It was notable that 35.6% of US postpartum women in poverty did not have Medicaid/government medical assistance and only a small proportion received public assistance income (9.8%)/supplementary security income (3.1%). Women with Medicaid/government medical assistance, compared with those without the coverage, had statistically significantly higher odds of poverty [adjusted odds ratio (aOR): 3.15, 95% confidence interval (95% CI): 2.85–3.48], having public assistance income (aOR: 24.52 [95% CI: 17.31–34.73]), or having supplementary security income (aOR: 4.22 [95% CI: 2.81–6.36]). Also, among postpartum women in poverty, women in states that had not expanded Medicaid, those of Asian or other race, non-US citizens, and those speaking another language had statistically significantly higher odds of not receiving Medicaid/government medical assistance [aORs (95% CIs): 2.93 (2.55–3.37); 1.30 (1.04–1.63); 3.65 (3.05–4.38); and 2.08 (1.86–2.32), respectively].

Conclusions

Our results showed that the receipt of Medicaid/government medical assistance is significantly associated with poverty and having government financial support. However, postpartum women in poverty still had Medicaid/government medical assistance gaps, especially those who lived in states that had not expanded Medicaid, those of Asian or other races, non-US citizens, and other language speakers.

Peer Review reports

Background

The postpartum period, defined as up to 1 year after delivery [1], is of particular importance in maternal and child health.
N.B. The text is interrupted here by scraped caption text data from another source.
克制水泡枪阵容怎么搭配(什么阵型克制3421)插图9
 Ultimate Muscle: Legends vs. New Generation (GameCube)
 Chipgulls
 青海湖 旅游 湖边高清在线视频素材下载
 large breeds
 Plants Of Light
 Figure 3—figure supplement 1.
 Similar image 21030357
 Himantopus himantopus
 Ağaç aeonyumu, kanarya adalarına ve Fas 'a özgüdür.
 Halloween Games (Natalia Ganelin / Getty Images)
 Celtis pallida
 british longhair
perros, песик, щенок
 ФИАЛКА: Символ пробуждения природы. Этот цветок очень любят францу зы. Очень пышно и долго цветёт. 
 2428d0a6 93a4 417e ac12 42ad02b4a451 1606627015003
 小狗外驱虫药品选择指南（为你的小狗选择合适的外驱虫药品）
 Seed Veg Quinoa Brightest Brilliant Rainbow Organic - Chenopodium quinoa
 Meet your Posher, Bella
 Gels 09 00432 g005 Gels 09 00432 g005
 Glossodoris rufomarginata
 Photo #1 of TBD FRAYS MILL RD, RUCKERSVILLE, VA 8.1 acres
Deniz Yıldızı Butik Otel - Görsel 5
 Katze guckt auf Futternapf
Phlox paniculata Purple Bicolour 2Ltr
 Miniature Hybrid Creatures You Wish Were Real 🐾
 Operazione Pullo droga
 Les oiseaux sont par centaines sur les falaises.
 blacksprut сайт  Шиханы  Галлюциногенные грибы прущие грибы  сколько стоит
The Office of Disease Prevention and Health Promotion highlights the importance of postpartum preventive intervention or screening programs [2]. Specifically, such screening in postpartum women may help mothers to receive early diagnosis and management of pregnancy complications, such as hypertensive disorders of pregnancy or gestational diabetes, which may lead to reduction in risk of long-term cardiovascular diseases [3]. Ensuring health care for the poorest mothers and infants has been a policy goal in the United States (US) for decades [4]. To improve coverage and affordability of recommended health care services for postpartum women, health care policies were enacted and expanded, e.g., enactment of Medicaid in 1965, the great expansion of eligibility for its coverage of the expenses of postpartum women in the 1980s, the Pregnancy Discrimination Act of 1978 (Pub. L. 95–555) [4], and the Patient Protection and Affordable Care Act (sometimes known as ACA, PPACA, or ‘Obamacare’) in 2010. These policies with subsidies benefited all reproductive-aged women living on low incomes by improving insurance coverage and reducing cost-related barriers to care [5, 6]. However, many women with low incomes still experienced unmet needs and transitions in health care insurance during the postpartum period [7, 8]. Between 2013 and 2018, approximately a quarter of US postpartum women reported financial hardship, and postpartum women with lower incomes were less likely to afford health care than those with higher incomes [9]. Such insufficient medical access played a partial role in negative infant [10, 11] and maternal health outcomes [12,13,14]. In fact, the US lagged behind other high-income countries in terms of maternal and infant health. In 2018, there were 17.4 maternal deaths for every 100,000 live births in the US, a ratio more than double that of most other rich nations [15], and in 2019, the US had the fifth worst infant mortality rate (5.8 deaths per 1,000 live births) among 36 OECD (Organisation for Economic Co-operation and Development) countries, whose average rate is 3.8 [16].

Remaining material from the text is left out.